B. Pengertian Iman Kepada Qada
dan Qadar
Beriman kepada qada dan qadar
adalah menyakini dengan sepenuh hati adanya ketentuan Allah SWT yang berlaku
bagi semua mahluk hidup. Semua itu menjadi bukti kebesaran dan kekuasan Allah
SWT. Jadi, segala sesuatu yang terjadi di alam fana ini telah ditetapkan oleh
Allah SWT.
C. Dalil – Dalil Tentang Beriman
Kepada Qadha dan Qadar
a. Q.S Ar-Ra’d ayat 11 :
لَهُ مُعَقِّبَاتٌ مِنْ بَيْنِ يَدَيْهِ وَمِنْ خَلْفِهِ
يَحْفَظُونَهُ مِنْ أَمْرِ اللَّهِ إِنَّ اللَّهَ لا يُغَيِّرُ مَا بِقَوْمٍ
حَتَّى يُغَيِّرُوا مَا بِأَنْفُسِهِمْ وَإِذَا أَرَادَ اللَّهُ بِقَوْمٍ سُوءًا
فَلا مَرَدَّ لَهُ وَمَا لَهُمْ مِنْ دُونِهِ مِنْ وَالٍ
Artinya : Bagi manusia ada
malaikat-malaikat yang selalu mengikutinya bergiliran, di muka dan di
belakangnya, mereka menjaganya atas perintah Allah. Sesungguhnya Allah tidak
mengubah keadaan sesuatu kaum sehingga mereka mengubah keadaan yang ada pada
diri mereka sendiri. Dan apabila Allah menghendaki keburukan terhadap sesuatu
kaum, maka tak ada yang dapat menolaknya; dan sekali-kali tak ada pelindung
bagi mereka selain Dia.
b. Q.S Al-A’laa ayat 3 :
وَالَّذِي قَدَّرَ فَهَدَىٰ
Artinya :"Dan yang
menentukan kadar (masing-masing) dan memberi petunjuk.”
D. Takdir
Takdir adalah ketentuan suatu
peristiwa yang terjadi di alam raya ini yang meliputi semua sisi kejadiannya
baik itu mengenai kadar atau ukurannya, tempatnya maupun waktunya. Dengan
demikian segala sesuatu yang terjadi tentu ada takdirnya, termasuk manusia.

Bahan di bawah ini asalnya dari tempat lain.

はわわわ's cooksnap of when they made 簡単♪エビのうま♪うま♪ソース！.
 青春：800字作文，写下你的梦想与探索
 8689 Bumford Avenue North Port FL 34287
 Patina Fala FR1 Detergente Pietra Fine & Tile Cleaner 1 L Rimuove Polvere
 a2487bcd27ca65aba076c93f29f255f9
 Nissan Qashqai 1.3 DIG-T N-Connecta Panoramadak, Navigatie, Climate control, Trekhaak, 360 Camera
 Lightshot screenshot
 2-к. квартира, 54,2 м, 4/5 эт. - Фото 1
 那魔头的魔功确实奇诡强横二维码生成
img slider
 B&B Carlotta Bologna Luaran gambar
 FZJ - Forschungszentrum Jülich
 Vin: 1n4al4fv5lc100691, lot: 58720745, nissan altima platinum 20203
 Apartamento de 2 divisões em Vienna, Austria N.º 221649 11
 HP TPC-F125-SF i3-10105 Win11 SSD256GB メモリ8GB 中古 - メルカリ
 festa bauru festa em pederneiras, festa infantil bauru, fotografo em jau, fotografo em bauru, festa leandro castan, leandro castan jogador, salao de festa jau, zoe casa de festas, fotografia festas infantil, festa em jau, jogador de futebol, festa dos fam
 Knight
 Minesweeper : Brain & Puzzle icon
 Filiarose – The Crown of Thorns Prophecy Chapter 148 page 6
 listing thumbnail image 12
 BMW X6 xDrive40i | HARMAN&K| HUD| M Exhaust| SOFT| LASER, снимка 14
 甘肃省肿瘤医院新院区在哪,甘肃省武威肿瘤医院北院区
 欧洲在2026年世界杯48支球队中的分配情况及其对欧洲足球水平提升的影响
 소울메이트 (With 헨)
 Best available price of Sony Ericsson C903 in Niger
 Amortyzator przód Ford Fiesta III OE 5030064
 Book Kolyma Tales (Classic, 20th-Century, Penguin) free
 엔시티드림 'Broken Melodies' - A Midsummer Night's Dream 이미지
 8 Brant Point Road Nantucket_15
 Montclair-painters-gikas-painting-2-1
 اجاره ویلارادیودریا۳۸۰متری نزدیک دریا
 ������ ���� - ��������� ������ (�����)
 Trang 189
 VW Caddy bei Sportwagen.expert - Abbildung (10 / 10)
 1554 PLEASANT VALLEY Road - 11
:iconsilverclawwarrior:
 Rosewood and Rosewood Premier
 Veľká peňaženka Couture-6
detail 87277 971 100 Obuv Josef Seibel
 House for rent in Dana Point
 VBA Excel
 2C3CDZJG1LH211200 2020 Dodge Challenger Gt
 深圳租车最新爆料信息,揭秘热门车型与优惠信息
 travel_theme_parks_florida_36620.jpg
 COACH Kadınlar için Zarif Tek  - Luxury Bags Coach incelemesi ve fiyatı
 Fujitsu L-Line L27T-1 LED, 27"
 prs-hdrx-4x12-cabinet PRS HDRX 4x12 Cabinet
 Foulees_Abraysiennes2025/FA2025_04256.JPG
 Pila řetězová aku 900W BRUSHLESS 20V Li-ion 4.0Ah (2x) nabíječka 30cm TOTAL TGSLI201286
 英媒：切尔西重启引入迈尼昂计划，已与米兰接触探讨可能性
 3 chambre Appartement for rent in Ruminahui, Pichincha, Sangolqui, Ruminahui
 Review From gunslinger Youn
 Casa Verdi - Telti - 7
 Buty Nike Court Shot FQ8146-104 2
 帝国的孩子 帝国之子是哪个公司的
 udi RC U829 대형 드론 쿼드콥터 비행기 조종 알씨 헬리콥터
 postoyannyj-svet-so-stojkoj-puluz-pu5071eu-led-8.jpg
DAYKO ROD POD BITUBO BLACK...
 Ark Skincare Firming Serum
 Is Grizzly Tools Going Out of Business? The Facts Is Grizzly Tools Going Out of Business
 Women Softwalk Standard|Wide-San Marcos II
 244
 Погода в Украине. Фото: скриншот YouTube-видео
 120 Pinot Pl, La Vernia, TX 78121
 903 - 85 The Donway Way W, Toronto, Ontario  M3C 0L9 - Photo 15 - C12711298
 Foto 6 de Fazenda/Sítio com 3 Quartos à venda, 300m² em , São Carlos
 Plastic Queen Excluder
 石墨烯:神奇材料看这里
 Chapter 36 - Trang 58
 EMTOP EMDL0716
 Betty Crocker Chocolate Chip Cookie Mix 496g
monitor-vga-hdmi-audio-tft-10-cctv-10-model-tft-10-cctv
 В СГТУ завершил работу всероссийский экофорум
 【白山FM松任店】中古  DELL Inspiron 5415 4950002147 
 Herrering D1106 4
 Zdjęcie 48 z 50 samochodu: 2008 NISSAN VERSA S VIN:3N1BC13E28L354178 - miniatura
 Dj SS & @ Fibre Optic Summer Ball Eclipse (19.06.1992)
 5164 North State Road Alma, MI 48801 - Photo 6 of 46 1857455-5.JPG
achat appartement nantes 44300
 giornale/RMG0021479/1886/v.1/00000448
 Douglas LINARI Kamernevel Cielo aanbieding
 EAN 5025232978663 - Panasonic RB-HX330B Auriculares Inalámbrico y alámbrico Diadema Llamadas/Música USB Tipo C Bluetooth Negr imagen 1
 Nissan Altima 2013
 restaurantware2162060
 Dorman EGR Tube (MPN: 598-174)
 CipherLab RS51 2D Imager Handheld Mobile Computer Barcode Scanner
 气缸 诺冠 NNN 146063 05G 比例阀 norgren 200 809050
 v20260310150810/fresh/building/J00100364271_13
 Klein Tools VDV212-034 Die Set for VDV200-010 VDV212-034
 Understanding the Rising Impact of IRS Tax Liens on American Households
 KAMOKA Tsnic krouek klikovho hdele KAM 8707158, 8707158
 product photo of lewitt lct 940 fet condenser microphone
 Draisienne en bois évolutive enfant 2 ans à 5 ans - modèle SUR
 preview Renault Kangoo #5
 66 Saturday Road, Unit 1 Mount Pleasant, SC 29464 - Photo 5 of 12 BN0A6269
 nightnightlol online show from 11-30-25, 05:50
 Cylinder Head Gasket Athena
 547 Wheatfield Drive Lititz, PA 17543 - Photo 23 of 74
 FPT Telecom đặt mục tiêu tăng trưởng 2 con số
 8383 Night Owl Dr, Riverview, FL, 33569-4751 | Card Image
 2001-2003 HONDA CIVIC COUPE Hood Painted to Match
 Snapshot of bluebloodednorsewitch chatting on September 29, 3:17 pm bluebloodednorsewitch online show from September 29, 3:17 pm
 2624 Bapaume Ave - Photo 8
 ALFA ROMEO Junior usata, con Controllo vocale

Umat Islam memahami takdir
sebagai bagian dari tanda kekuasaan Tuhan yang harus diimani sebagaimana
dikenal dalam Rukun Iman. Penjelasan tentang takdir hanya dapat dipelajari dari
informasi Tuhan, yaitu informasi Allah melalui Al Quran dan Al Hadits. Secara
keilmuan umat Islam dengan sederhana telah mengartikan takdir sebagai segala
sesuatu yang sudah terjadi.
E. Takdir Mua’llaq dan Takdir
Mubram
a. Takdir mua’llaq
Yaitu takdir yang erat kaitannya dengan
ikhtiar manusia. Contohnya seorang siswa bercita-cita ingin menjadi insinyur
pertanian. Untuk mencapai cita-citanya itu ia belajar dengan tekun. Akhirnya
apa yang ia cita-citakan menjadi kenyataan. Ia menjadi insinyur pertanian.
b. Takdir mubram
Yaitu takdir yang terjadi pada
diri manusia dan tidak dapat diusahakan atau tidak dapat di tawar-tawar lagi
oleh manusia. adapun salah satu contohnya adalah kematian dan sebagainya.
F. Ikhtiar
Ikhtiar adalah usaha manusia
untuk memenuhi kebutuhan dalam hidupnya, baik material, spiritual, kesehatan,
dan masa depannya agar tujuan hidupnya selamat sejahtera dunia dan akhirat
terpenuhi. Ikhtiar juga dilakukan dengan sungguh-sungguh, sepenuh hati, dan
semaksimal mungkin sesuai dengan kemampuan dan keterampilannya. Akan tetapi,
usaha kita gagal, hendaknya kita tidak berputus asa. Kita sebaiknya mencoba
lagi dengan lebih keras dan tidak berputus asa. Kegagalan dalam suatu usaha,
antara lain disebabkan keterbatasan dan kekurangan yang terdapat dalam diri
manusia itu sendiri. Apabila gagal dalam suatu usaha, setiap muslim dianjurkan
untuk bersabar karena orang yang sabar tidak akan gelisah dan berkeluh kesah
atau berputus asa. Agar ikhtiar atau usaha kita dapat berhasil dan sukses,
hendaknya melandasi usaha tersebut dengan niat ikhlas untuk mendapat ridha
Allah, berdoa dengan senantiasa mengikuti perintah Allah yang diiringi dengan
perbuatan baik, bidang usaha yang akan dilakukann harus dikuasai dengan
mengadakan penelitian atau riset, selalu berhati-hati mencari teman (mitra)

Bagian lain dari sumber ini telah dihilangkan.